Friday, 22 June 2018

No Cream Celery Soup

This no cream celery soup is way better than its creamier (read hip widening) cousin and we don't need such deterants in our lives now do we. Hence I bring to you a scrumptious, soulful and soothing alternative perfect if you are watching your weight, or even if you are craving an edible equivalent of a warm blanket on a rainy day (God knows I do!) minus the four ladles of oil required to make a naughty waist expander a.k.a deep fried snack.

So, to cut calories, I’ve found a way to make beautiful creamy soups that don’t have a bit of cream.  The trick – adding a small sized potato which adds to bulk as well giving the soup a creamy constancy.

This one is my go-to recipes when I’m craving soup I love how quick it comes together.  The only tedious part is chopping up the celery, garlic, onions and peeling one potato.

It really is simple to make.

For serving two

You will need:

1/2 cup celery stalks
1 onion, medium sized
1 potato, small sized
5-6 garlic cloves
1 bullion cube (taste maker either vegetable or chicken)
Salt - a tiny pinch
Black pepper, crushed - as per requirement

Here’s how to make it:

Start with cutting the celery into roughly the same-sized pieces, about an inch – 1.5 inches, don’t worry about precision as the soup is going to be puréed anyway.  You just want it to cook evenly.

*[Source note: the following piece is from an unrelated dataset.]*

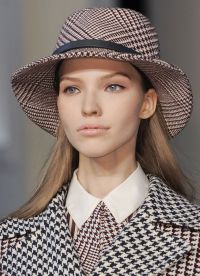 modne czapki 2014 2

In a large pot, heat the oil over medium heat.

Add the onion and cook until soft and then add the garlic and cook another minute.

Next add in the celery and potato.

Increase the heat to medium-high and bring to a boil.

Cover and lower the heat and simmer for about 20 minutes or until the celery and potatoes are soft enough that they can easily pureed (But don’t let them get mushy).

Remove the soup from heat and remove enough stock so that the celery just covered by the remaining stock. Set the reserved stock aside.

Purée the soup with a stick (hand)blender in the pot adding the reserved stock little by little until the soup reaches the desired consistency.

If you don’t have a stick blender a food processor or blender would work too.